- REQUIREMENT -
Keep images out and repeat all data exactly.

- COLLECTED MATERIAL -
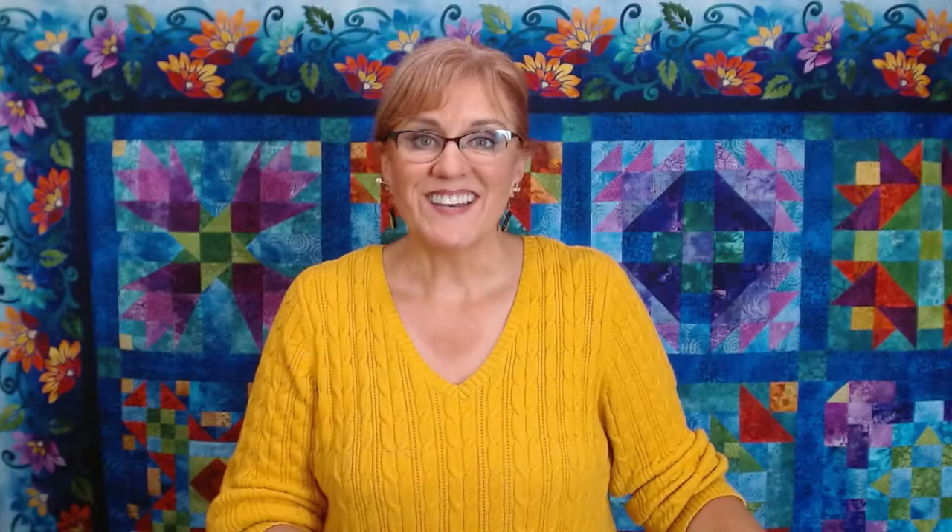It was a beautiful quilt. The fabrics are absolutely gorgeous — I don't think you can go wrong with this fabric collection. And even if you just use your own fabrics and use the pattern, the pattern was really, really well written. I was very, very happy with the instructions. Thank you very much. Have a great day. If you have any questions, contact me at quiltingwithnancy.com.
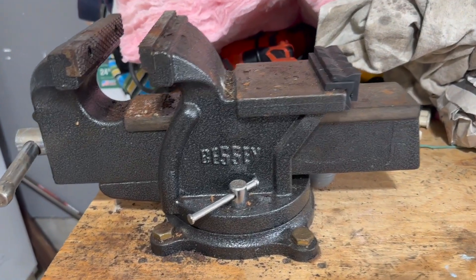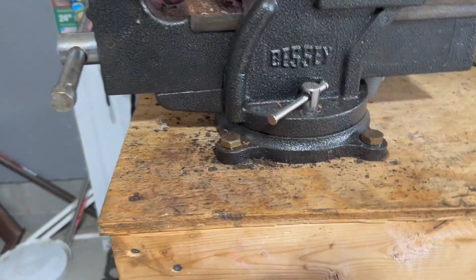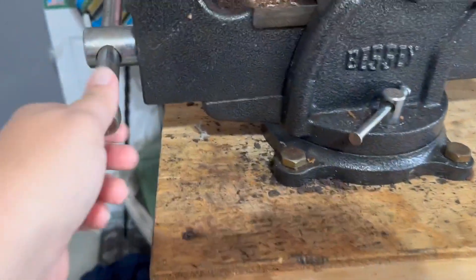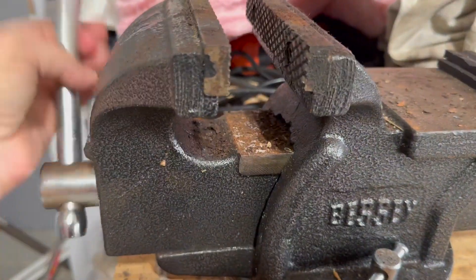This is the Bessey heavy-duty bench vise, and these are really strong, really tough. You just bolt them down into your workbench or other space, and they can clamp whatever you need.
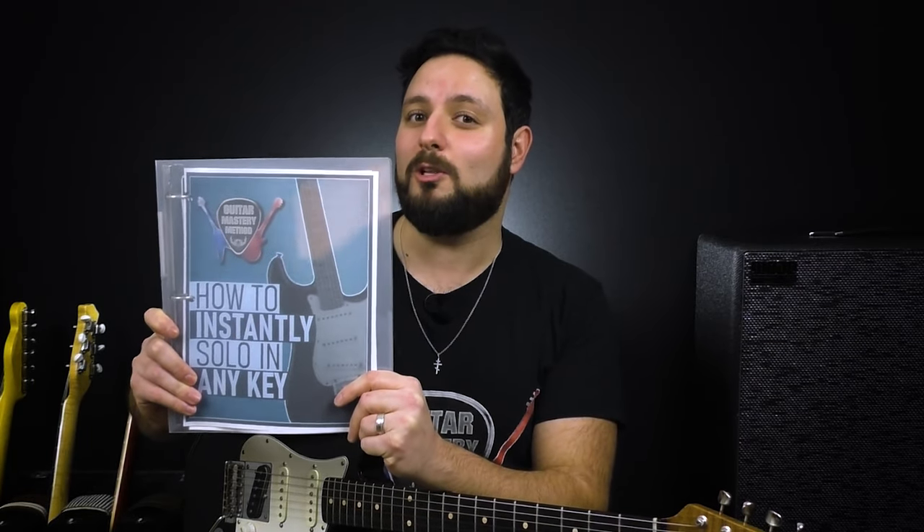I'm giving you a free guitar cheat sheet that'll show you how to instantly solo in any key. This has helped thousands of guitar players learn how to play epic guitar solos in every musical key under the sun. There's no better opportunity to practice what you learned today along with what you're going to learn here. Be sure to click here to claim your copy or check the link in the description box. If you enjoyed this lesson, hit that like button and consider subscribing to our YouTube channel. I'm Eddie with Guitar Mastery Method, and I look forward to seeing you in the next lesson.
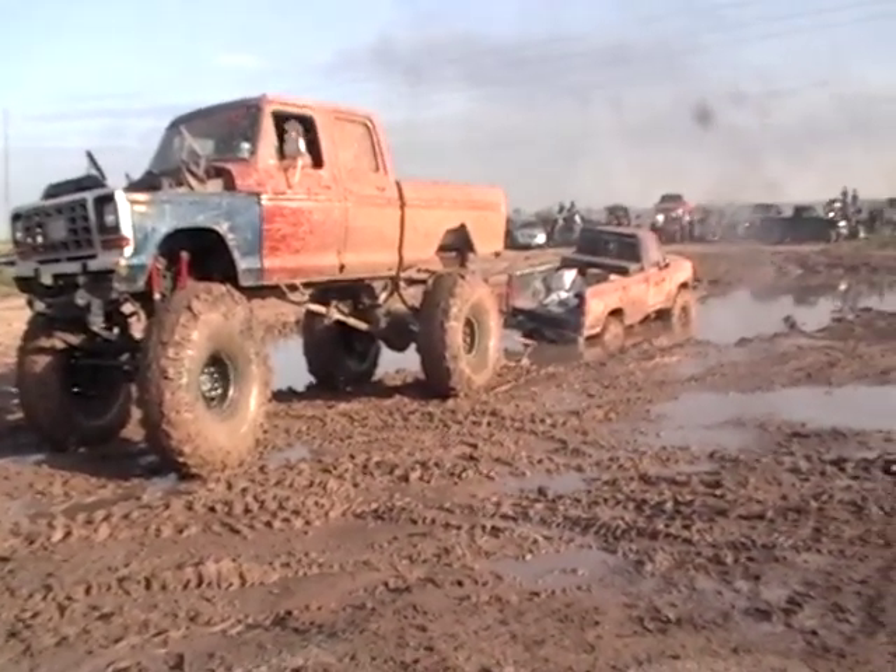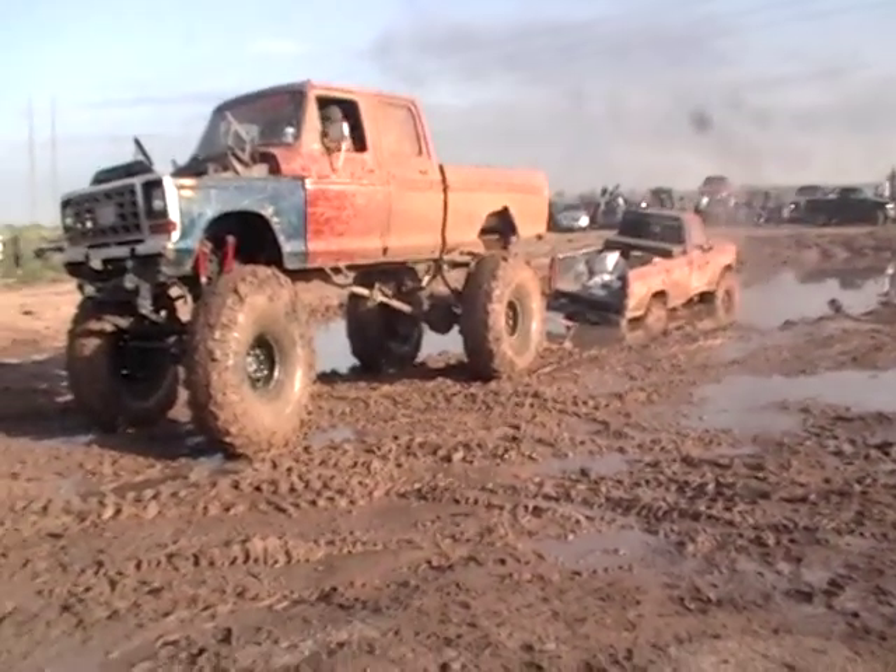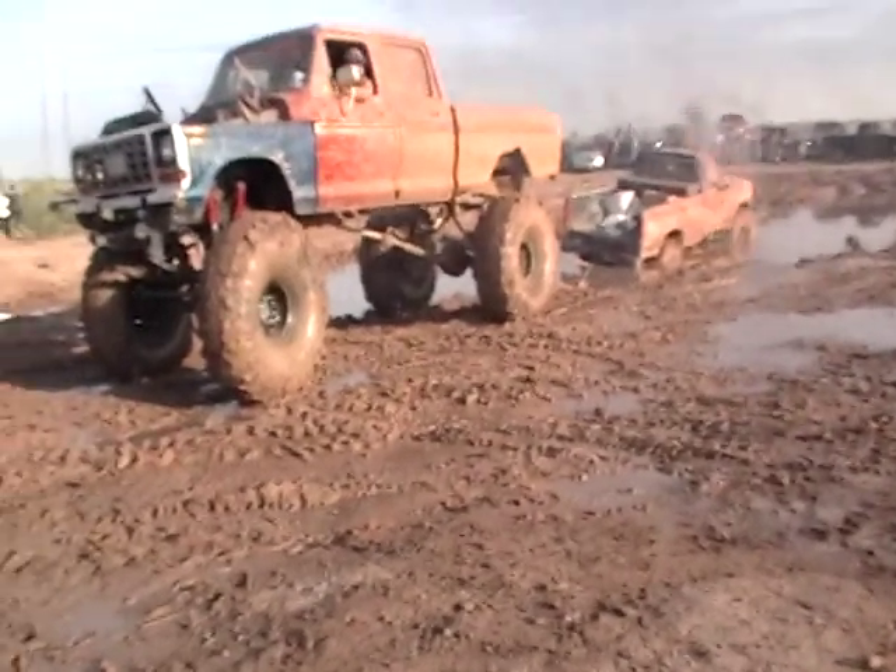Why are you going to be like that? You go two wheel drive as far as you can, and then you put it in four wheel drive. All right. You have to pull this off.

- PROBLEM SOLUTION -
It was a beautiful quilt. The fabrics are absolutely gorgeous — I don't think you can go wrong with this fabric collection. And even if you just use your own fabrics and use the pattern, the pattern was really, really well written. I was very, very happy with the instructions. Thank you very much. Have a great day. If you have any questions, contact me at quiltingwithnancy.com.
This is the Bessey heavy-duty bench vise, and these are really strong, really tough. You just bolt them down into your workbench or other space, and they can clamp whatever you need.
I'm giving you a free guitar cheat sheet that'll show you how to instantly solo in any key. This has helped thousands of guitar players learn how to play epic guitar solos in every musical key under the sun. There's no better opportunity to practice what you learned today along with what you're going to learn here. Be sure to click here to claim your copy or check the link in the description box. If you enjoyed this lesson, hit that like button and consider subscribing to our YouTube channel. I'm Eddie with Guitar Mastery Method, and I look forward to seeing you in the next lesson.
Why are you going to be like that? You go two wheel drive as far as you can, and then you put it in four wheel drive. All right. You have to pull this off.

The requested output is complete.